The Benham Brothers also weighed in after the Orlando shooting. In a video posted at CNS News and MRC TV, the brothers expressed sympathies for the families of the lost. "Our hearts are just broken for the families and for the victims of those who were killed at the gay bar, the gay club in Orlando, Florida," Davin Benham said, according to CNS News. "No one should ever be targeted like this, this ISIS plot. And clearly they’re targeting homosexual people." The brothers expressed relief that a similar incident may have been prevented at Los Angeles Pride.
However, Jason Benham reminded viewers that they still disapprove of homosexuality, but they do not believe that violence is a legitimate expression of those sentiments.
"We as Christians believe that homosexuality is wrong, and ... these two Islamic extremists ... believe it is wrong. But our response is different. We've been going to gay pride marches for the last decade, and we're planning on going this year to the Charlotte gay pride march. But you know what? We're going to bring the love of Jesus, to people that need Jesus. Look, these are our gay brothers and sisters, and we need to stand up for them now.

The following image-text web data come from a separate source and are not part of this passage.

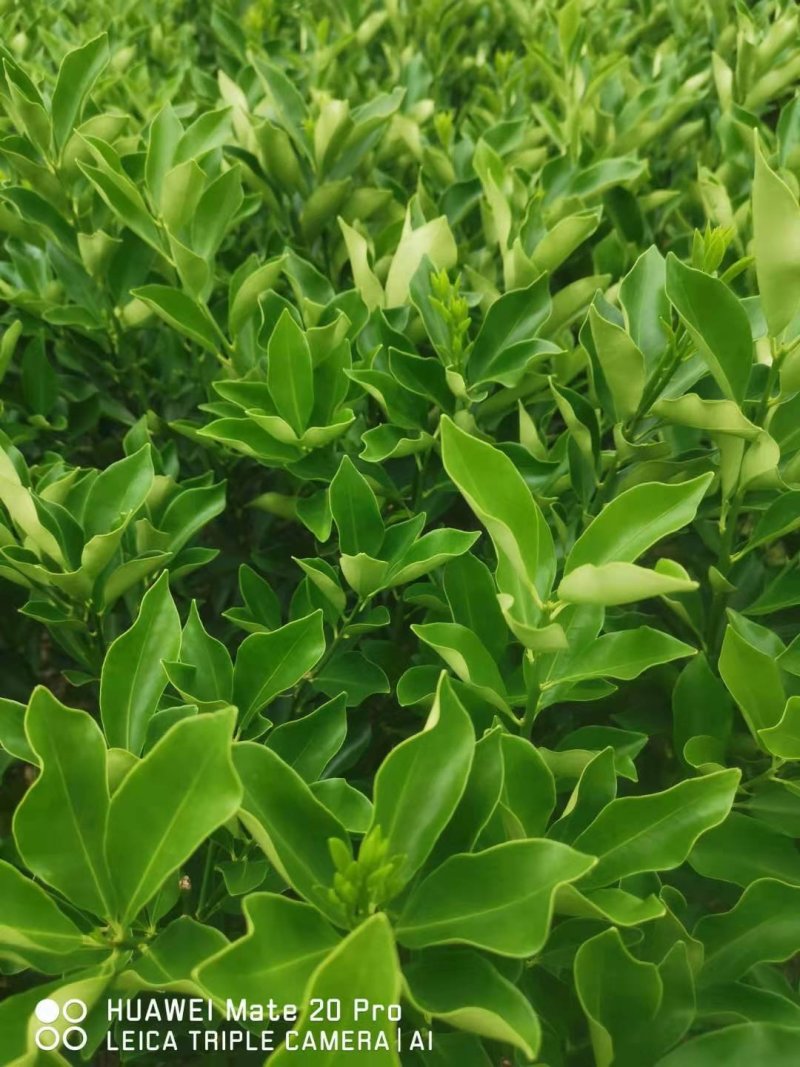大叶滑皮，，脆皮金桔大颗果子，果子甜度好，市场价格优势好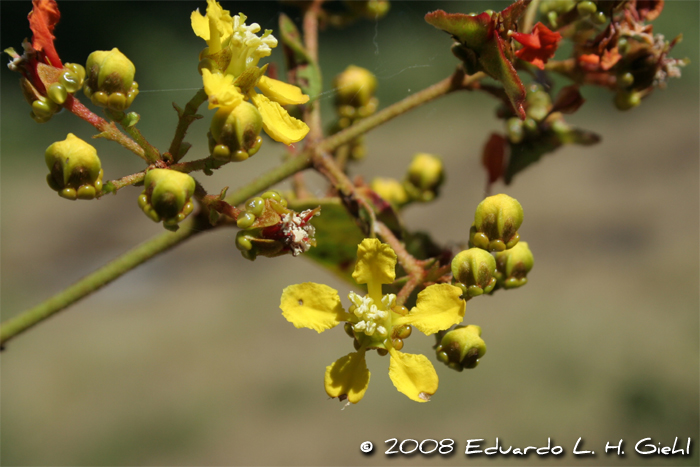 Heteropterys syringifolia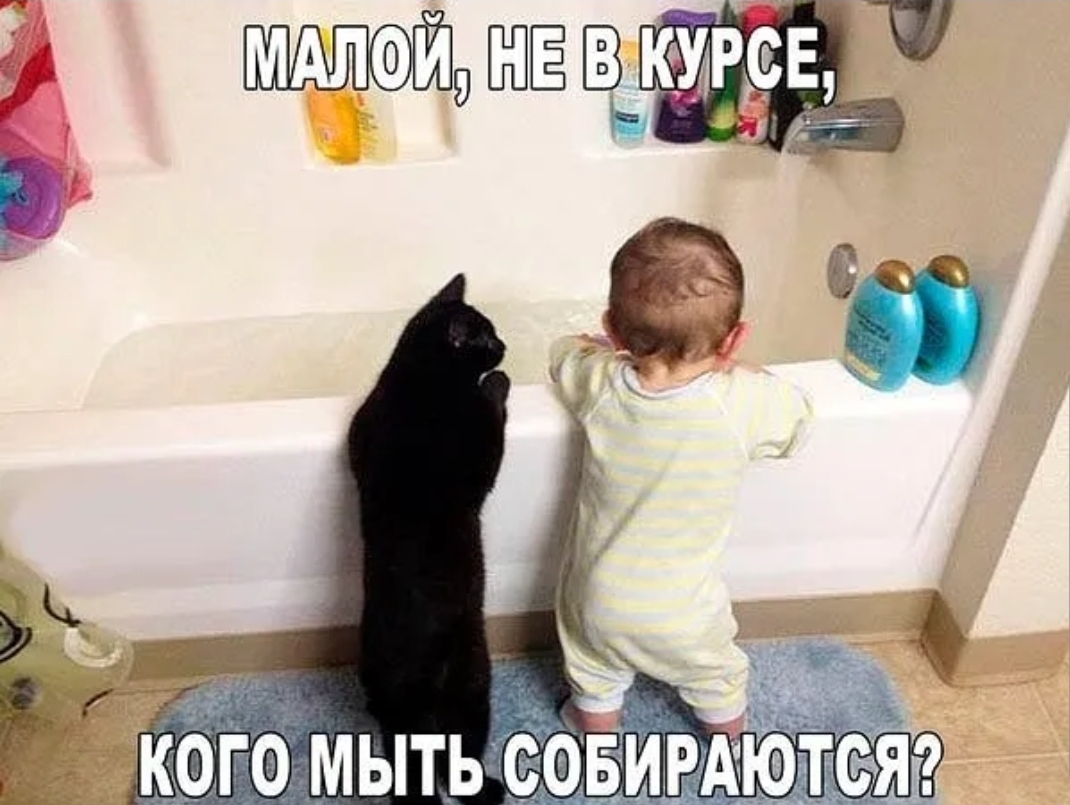 мдлай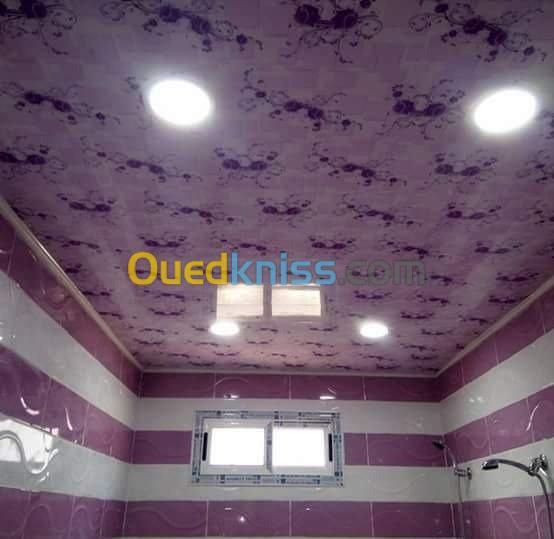  Placo platre faux plafond BA13 et pvc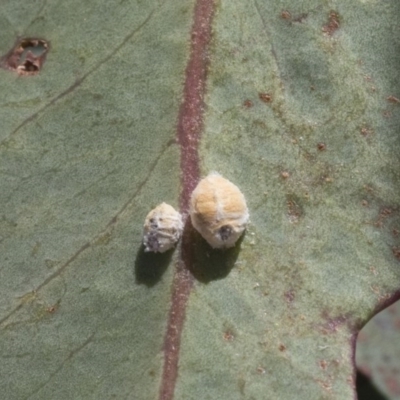 Unidentified Scale insect or Mealybug (Hemiptera, Coccoidea) at Holt, ACT - 26 Nov 2020 by AlisonMilton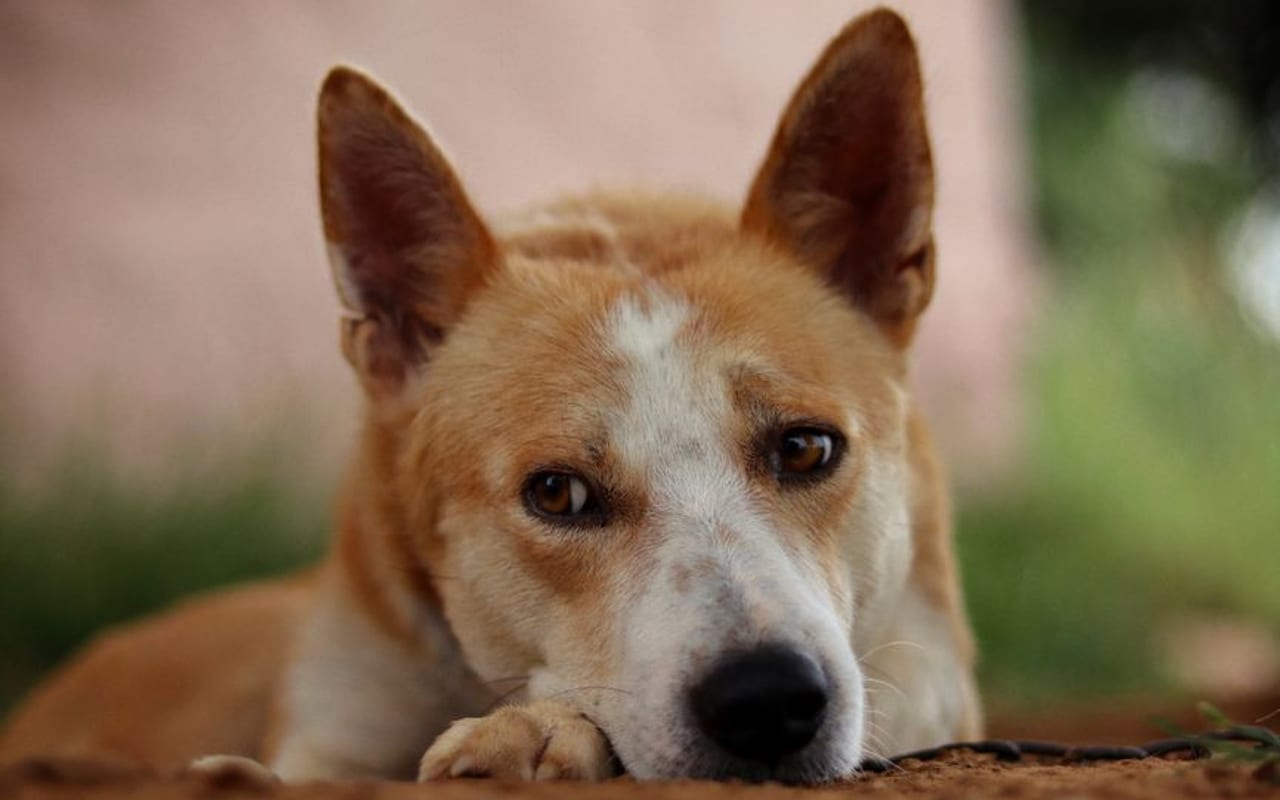 Canaan Dog — gallery 4
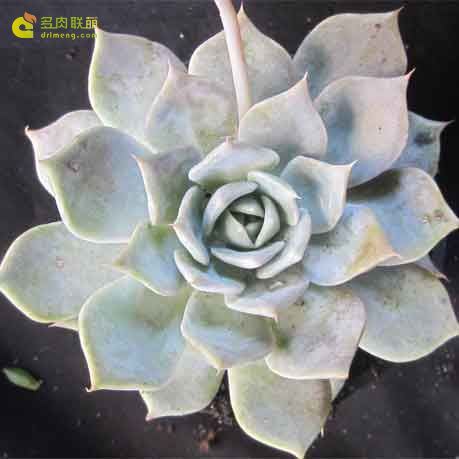 多肉 帕洛玛 Echeveria  Paloma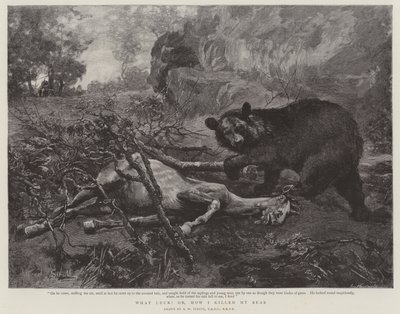 Che fortuna! o, come ho ucciso il mio orso da William Strutt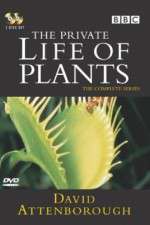 Watch The Private Life of Plants Movies123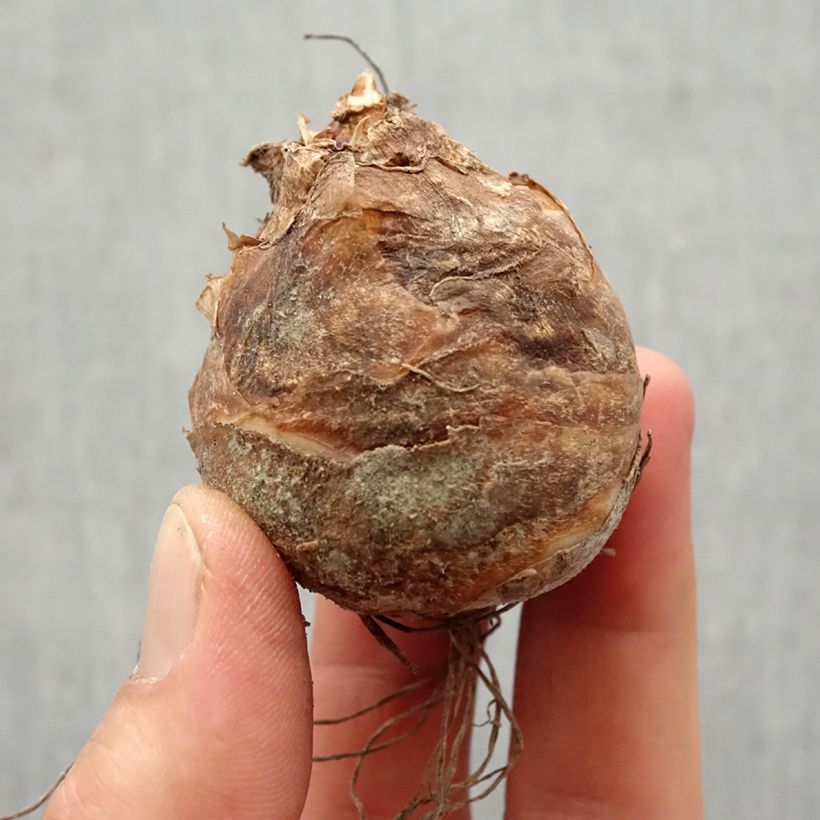 Exemplar von Eucomis bicolor - Schopflilie Zwiebel Kaliber/Größe 14/16 wie im Frühjahr geliefert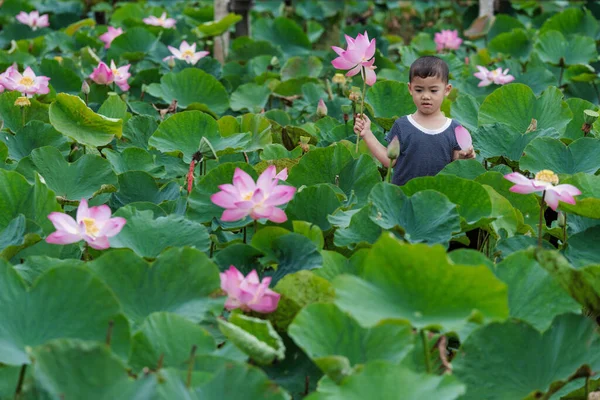 Вьетнамский Мальчик Играет Розовым Лотосом Над Традиционной Деревянной Лодкой Большом — стоковое фото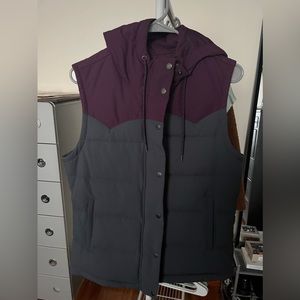 Patagonia Bivy Hooded Down Vest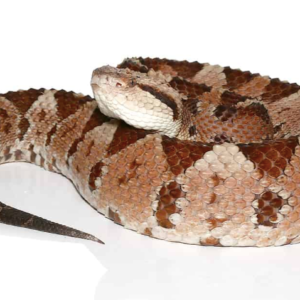 Honduran Jumping Pit Viper For Sale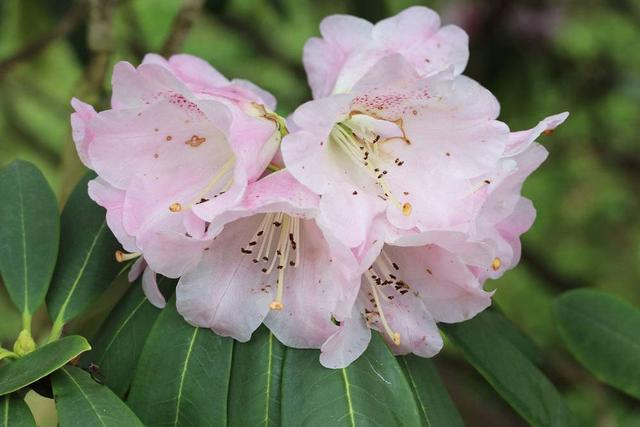 Zeitpunkt der Rhododendronblüte: Ein Überblick von März bis Juli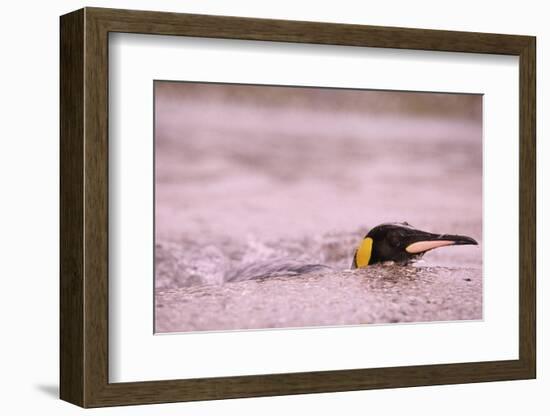 King Penguin Swimming in Tide Pool-Paul Souders-Framed Photographic Print
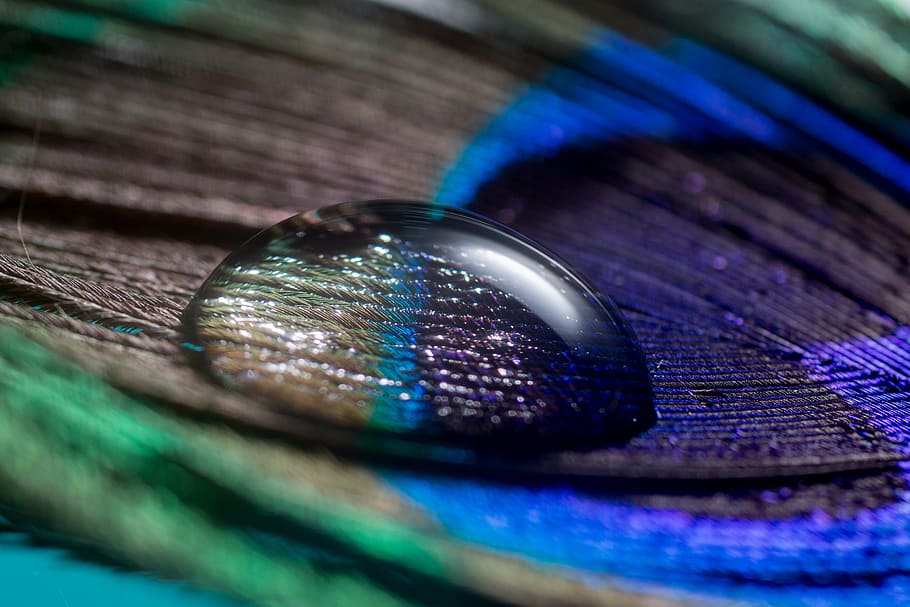 water drop on peacock feather, spring, drip, macro, nahaufmahme HD wallpaper
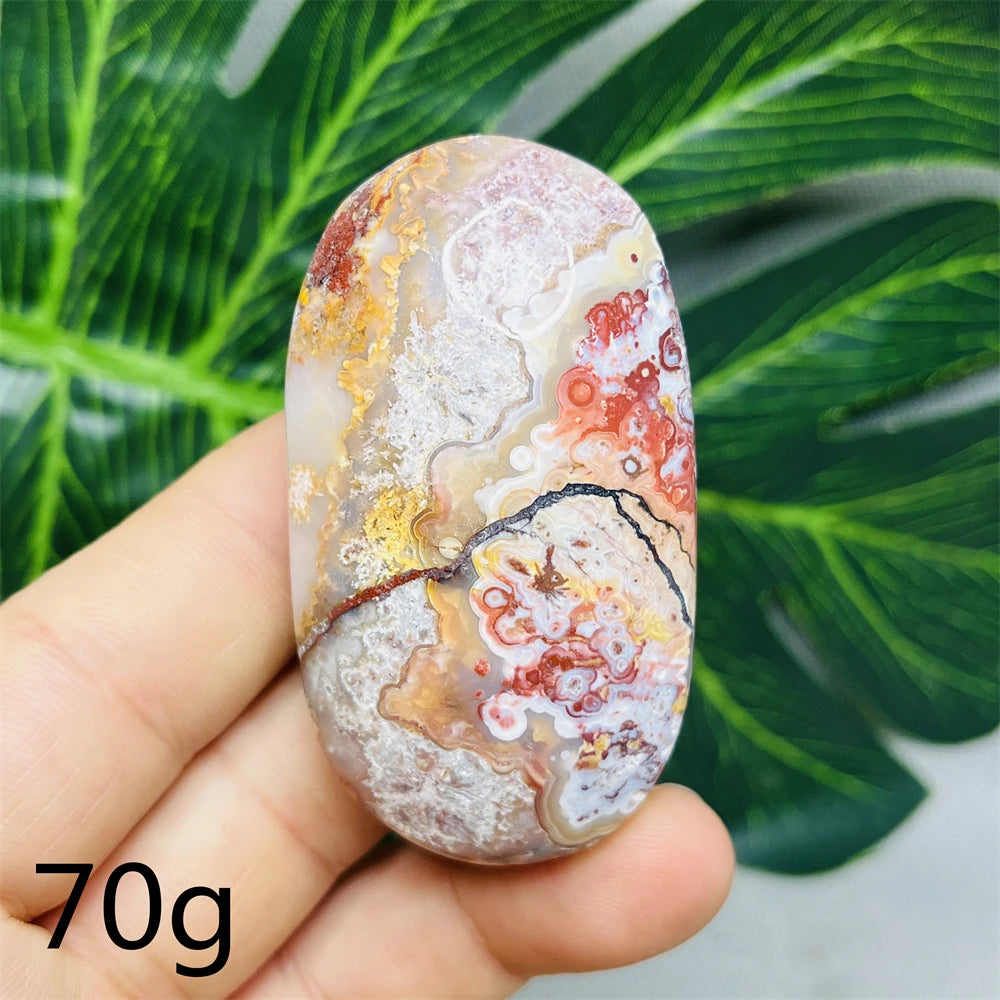 White Red Crazy Agate-ToShay.org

That's our Christian response."
Translation: We're nice homophobes, not like those bad homophobes who kill people.
Jason Benham's claim that he and his brother love gay people is laughable. Recall that the Benham brothers' claim to fame was losing an HGTV series due to David Benham's offensive comments about gays. The two men have an extensive history of homophobic remarks and have publicly opposed pro-LGBTQ legislation. They can attend a pride march and talk about the "love of Jesus", but it won't make people forget their history of intolerance.
Finally, World Net Daily co-founder Joseph Farah decried the massacre in an online column. In a June 12th commentary piece entitled "All Americans Have Something in Common Today", Farah admits that the Pulse shooting was a hate crime committed in cold blood. "Was the Pulse nightclub attacked because it was a gathering place of homosexuals? I don’t doubt it for a minute," he writes. Farah explains that murdering LGBTQ people is wrong, no matter how one feels about LGBTQ issues.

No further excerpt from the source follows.